Published: Thu 8 Jun 2023, 10:47 AM

Last updated: Thu 8 Jun 2023, 10:48 AM

As the sun rises in the Gulf of Cadiz on Spain's southern tip, a team of fishermen lifts the tip of a vast system of nets with bluefin tuna trapped inside.

"Hoist!" they cry before men in wetsuits jump into the water to deliver a final blow to the fish captured using this 3,000-year-old netting tradition.


Dubbed an "almadraba", the system of nets is designed to catch large bluefin tuna during their annual migration from the Atlantic into the warmer Mediterranean to lay their eggs.

The nets form a series of chambers that trap only the biggest of the migrating tuna.

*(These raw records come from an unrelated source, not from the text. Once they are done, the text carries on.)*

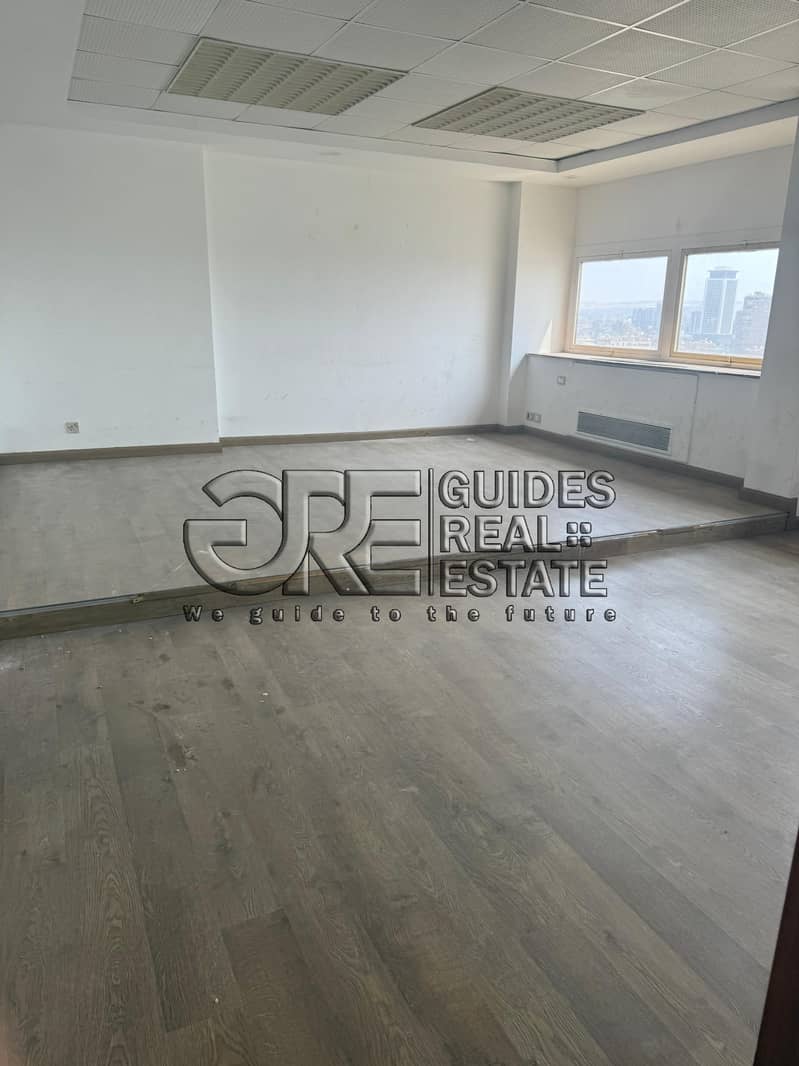 IMG-20250910-WA0008. jpg IMG-20250910-WA0008. jpg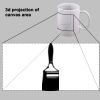 Printed Mugs Thumbnail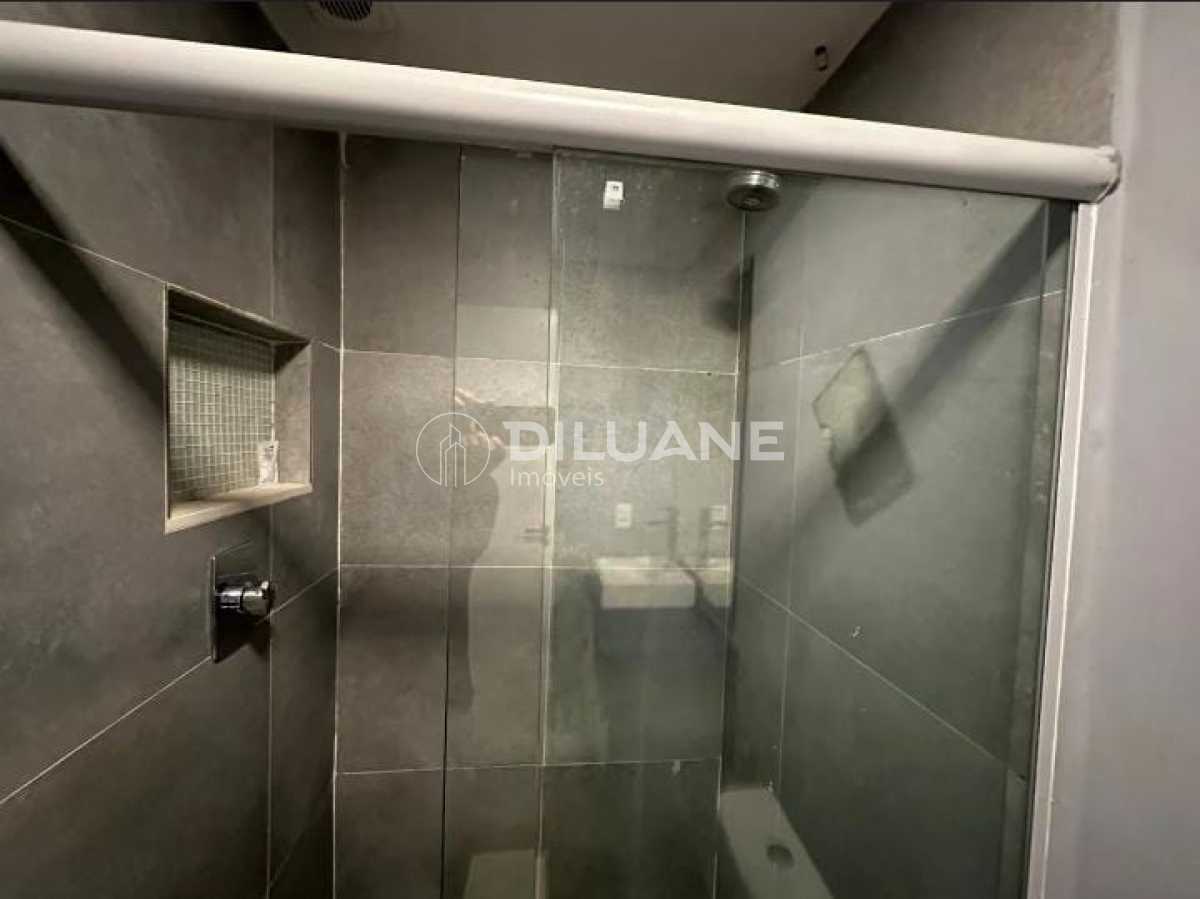 Conheça WhatsApp Image 2025-06-11 at 1 do imóvel - Apartamento à venda Rua Cardoso Júnior, Laranjeiras, Rio de Janeiro - R$ 420.000 - BTAP10946 - 12 WhatsApp Image 2025-06-11 at 1 - 12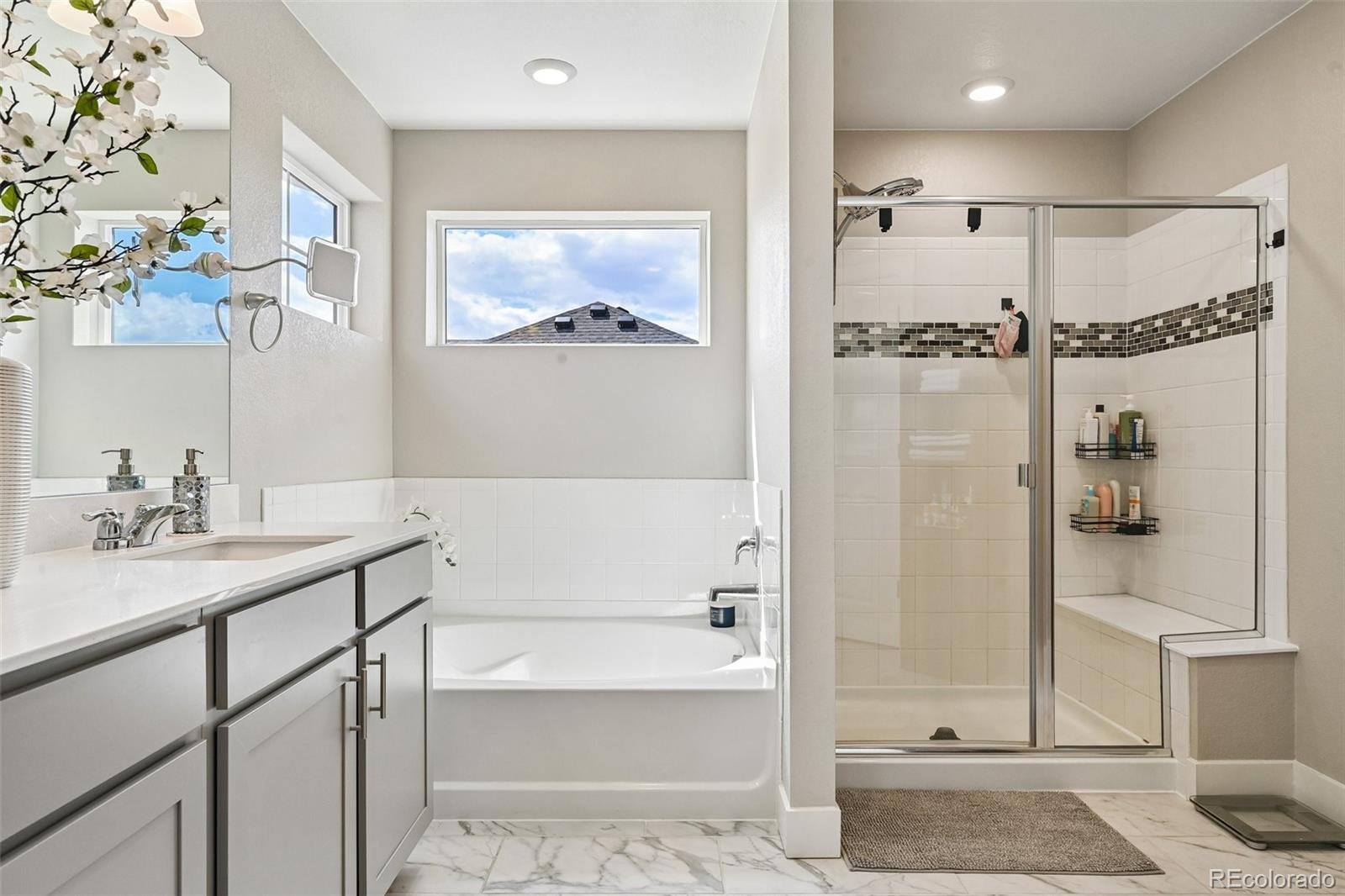 MLS Image #20 for 8377  e 132nd dr ,thornton, Colorado
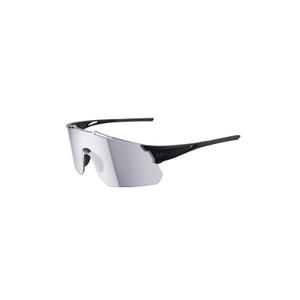 etherceac-lunettes-de-velo-limar-theros-noir-tu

The tuna are "practically like bulls" and their blows are like "the kick from a horse," said the captain of the fishing boat, 61-year-old Antonio Ponce.

Tuna have been caught in this stretch of water using this method since the Phoenicians ruled the Mediterranean from around 1,200 BC.

Use of the technique in Spain almost disappeared in the 1970s due to a lack of profitability but demand for quality tuna from Japan breathed new life into the sector.

Over 1,600 tonnes of bluefin tuna are caught annually off the coast of Spain's southern province of Cadiz using the "almadraba" technique.

Around 500 fishermen in Cadiz use the system, according to the Almadraba Producers' and Fishermen's Organisation (OPP51).

Aside from Spain, the technique is only found in Italy, Morocco and Portugal.

Because the nets only catch the biggest tuna, it is a "sustainable technique," said Jose Luis Garcia Varas of the Spanish branch of the World Wildlife Fund (WWF).

In the early 2000s, the global popularity of sushi put bluefin tuna in danger but the establishment of regional fishing quotas allowed the species to recover.

Atlantic bluefin tuna was in 2021 moved from the category of "endangered" to that of "least concern" by the International Union for Conservation of Nature.

In Spain, the Japanese taught local fishermen to minimise the stress endured by the tuna to improve the taste of the meat.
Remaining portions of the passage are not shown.